Eh bien, les marchés émergents suivent de près. Regardez la Banque centrale des Philippines, de l’Afrique du Sud et de la Colombie! Elles font toutes de l’assouplissement quantitatif. Les Banques centrales de certains marchés émergents sont même allées un peu plus loin.
Celles du Brésil et de l’Indonésie, par exemple, ont commencé à directement acheter la dette publique. Les mesures d’assouplissement quantitatif dans les marchés émergents ont contribué à assouplir les conditions financières, mais elles risquent de donner lieu à un faible taux de change sans point d’ancrage.
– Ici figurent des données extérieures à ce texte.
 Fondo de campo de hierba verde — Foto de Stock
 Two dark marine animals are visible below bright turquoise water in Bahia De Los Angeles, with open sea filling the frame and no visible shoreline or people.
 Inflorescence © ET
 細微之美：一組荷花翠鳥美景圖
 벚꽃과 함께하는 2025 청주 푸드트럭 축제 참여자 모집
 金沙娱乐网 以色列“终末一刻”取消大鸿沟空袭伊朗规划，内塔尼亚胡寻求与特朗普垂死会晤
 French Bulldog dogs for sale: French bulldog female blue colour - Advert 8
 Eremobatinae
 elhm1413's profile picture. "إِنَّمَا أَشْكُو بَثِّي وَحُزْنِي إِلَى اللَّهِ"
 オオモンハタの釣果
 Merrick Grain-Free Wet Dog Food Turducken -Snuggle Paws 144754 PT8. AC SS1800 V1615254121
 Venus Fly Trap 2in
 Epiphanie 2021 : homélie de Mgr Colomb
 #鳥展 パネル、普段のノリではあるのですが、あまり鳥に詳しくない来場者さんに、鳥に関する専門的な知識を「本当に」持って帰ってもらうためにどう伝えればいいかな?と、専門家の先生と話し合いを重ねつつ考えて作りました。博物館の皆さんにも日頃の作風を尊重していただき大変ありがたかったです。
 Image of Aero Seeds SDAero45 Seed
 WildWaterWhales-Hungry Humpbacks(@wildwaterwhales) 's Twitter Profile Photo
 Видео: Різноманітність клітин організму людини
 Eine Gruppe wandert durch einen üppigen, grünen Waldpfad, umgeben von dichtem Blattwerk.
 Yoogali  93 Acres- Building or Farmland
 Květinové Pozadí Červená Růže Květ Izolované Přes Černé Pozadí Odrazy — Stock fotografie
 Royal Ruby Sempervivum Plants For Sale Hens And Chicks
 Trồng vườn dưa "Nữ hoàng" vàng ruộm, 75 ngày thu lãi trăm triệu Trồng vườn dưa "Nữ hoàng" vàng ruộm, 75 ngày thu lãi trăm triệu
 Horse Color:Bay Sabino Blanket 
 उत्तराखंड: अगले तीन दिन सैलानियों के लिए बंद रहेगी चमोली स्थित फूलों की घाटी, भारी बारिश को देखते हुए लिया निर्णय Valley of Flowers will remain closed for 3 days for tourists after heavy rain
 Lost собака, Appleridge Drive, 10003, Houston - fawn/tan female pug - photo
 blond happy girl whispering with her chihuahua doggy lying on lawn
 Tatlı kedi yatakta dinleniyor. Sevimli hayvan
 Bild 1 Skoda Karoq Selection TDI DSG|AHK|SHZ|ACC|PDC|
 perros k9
Quelles sont les conséquences à long terme de l’énorme déficit du Canada? Qu’est-ce que ça signifie pour les futures générations?
Eh bien, il ne fait aucun doute que les finances du Canada ont subi un énorme choc. Cette pandémie a entraîné une forte augmentation des déficits budgétaires du Canada. Et on doit se demander si le gouvernement sera en mesure d’assurer la qualité de vie des futures générations alors qu’il cherchera à rembourser sa dette.
La réponse dépend de la capacité du gouvernement à s’acquitter du service de sa dette. Ce qu’il faut vraiment regarder, c’est comment le gouvernement amortira la dette. Enfin, la bonne nouvelle, c’est que les taux d’intérêt sont bas. Ça aide. Par contre, si la croissance reste faible trop longtemps ou si la remontée après la crise est plus faible que prévu, il pourrait être plus difficile d’assurer le service de la dette.
Tout dépend de la rapidité avec laquelle le pays va se relever de la crise économique. Plus ça prendra du temps, plus la croissance sera faible et plus il sera difficile de rembourser la dette. Ce que le gouvernement peut faire, c’est d’augmenter les impôts à l’avenir pour compenser la perte de revenus aujourd’hui. Mais si la Banque centrale intervient et monétise la dette publique, cette augmentation des impôts pourrait ne pas être requise.
Sohaib, merci beaucoup pour vos explications aujourd’hui.
Merci.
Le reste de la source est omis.